PDBsum entry 1ymh

Immune system

PDB id: 1ymh

Contents

Protein chains

220 a.a. *

218 a.a. *

65 a.a. *

Waters ×116

* Residue conservation analysis

PDB id:

1ymh

Name:

Immune system

Title:

Anti-hcv fab 19d9d6 complexed with protein l (ppl) mutant a66w

Structure:

Fab 16d9d6, light chain. Chain: a, c. Fab 16d9d6, heavy chain. Chain: b, d. Protein l. Chain: e, f. Synonym: ppl. Engineered: yes. Mutation: yes

Source:

Mus musculus. House mouse. Organism_taxid: 10090. Cell_line: hybridoma. Finegoldia magna. Organism_taxid: 334413. Strain: atcc 29328. Expressed in: escherichia coli. Expression_system_taxid: 562.

Biol. unit:

Trimer (from PQS)

Resolution:

2.60Å R-factor: 0.228 R-free: 0.302

Authors:

V.Granata,N.G.Housden,S.Harrison,C.Jolivet-Reynaud,M.G.Gore,E.A.Stura

Key ref:

V.Granata et al. (2005). Comparison of the crystallization and crystal packing of two Fab single-site mutant protein L complexes. Acta Crystallogr D Biol Crystallogr, 61, 750-754. PubMed id: 15930633

Date:

21-Jan-05 Release date: 31-May-05

Protein chains

No UniProt id for this chain

Struc: 220 a.a.

Protein chains

No UniProt id for this chain

Struc: 218 a.a.

Protein chains

Q51918  (Q51918_FINMA) -  Protein L from Finegoldia magna

Seq: 992 a.a.

Struc: 65 a.a.*

* PDB and UniProt seqs differ at 5 residue positions (black crosses)

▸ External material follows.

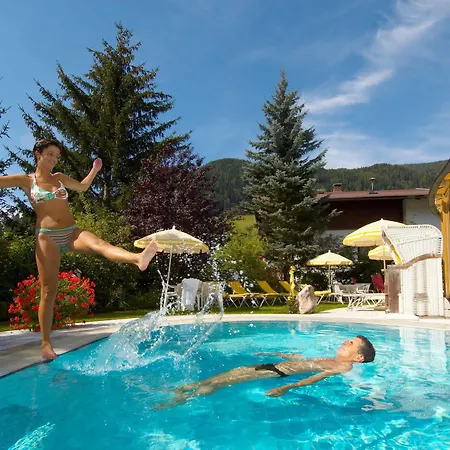 Wohlfuehl & Genusshotel Felsenhof 호텔 바트키르히하임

Acta Crystallogr D Biol Crystallogr 61:750-754 (2005)

PubMed id: 15930633

Comparison of the crystallization and crystal packing of two Fab single-site mutant protein L complexes.

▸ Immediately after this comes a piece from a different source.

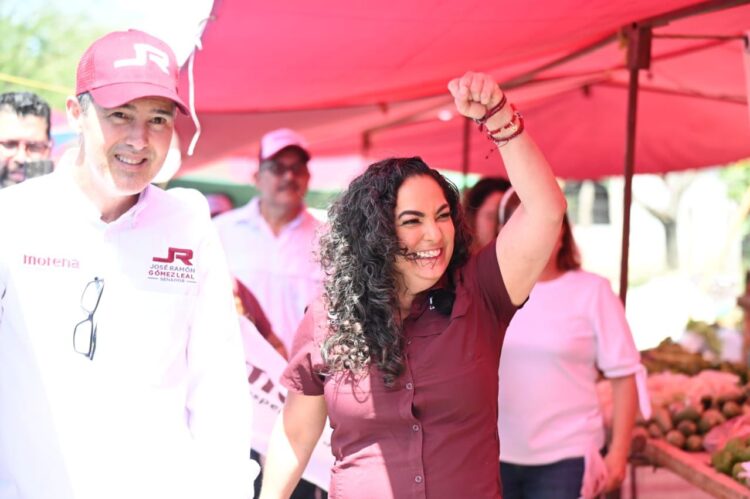 Reciben Olga Sosa y JR, respaldo de comerciantes en mercado rodante de Soto la Marina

V.Granata, N.G.Housden, S.Harrison, C.Jolivet-Reynaud, M.G.Gore, E.A.Stura.

ABSTRACT

Protein L from Peptostreptococcus magnus (PpL) is a multidomain protein composed of four or five immunoglobulin-binding domains that target the kappa light chain of a large repertoire of human and murine antibodies. Thus, a single domain of this protein can be used to aid the crystallization of Fab, free or complexed to their antigen when it is not possible to obtain crystals without it. Each wild-type PpL domain has two light-chain binding sites that target the same region of the light chain and can thus bring together two Fab-antigen complexes within the crystal lattice. In this context the small PpL domain is sandwiched between two Fab and cannot participate in crystal contacts, thus mutants are unlikely to increase the chances of crystallizing a particular complex. However, it is possible to design mutants that can bind at only one site by making use of the crystal structures obtained so far. Such mutants will have a free surface that can participate in crystal contacts and that can be modified to improve its crystal contact-forming properties. Here, a comparison of two single-site mutants that differ at three different positions is reported. In both mutants two different tryptophan residues participate in crystal-packing interactions, suggesting that this residue may be particularly interesting for enhancing crystal-contact formation.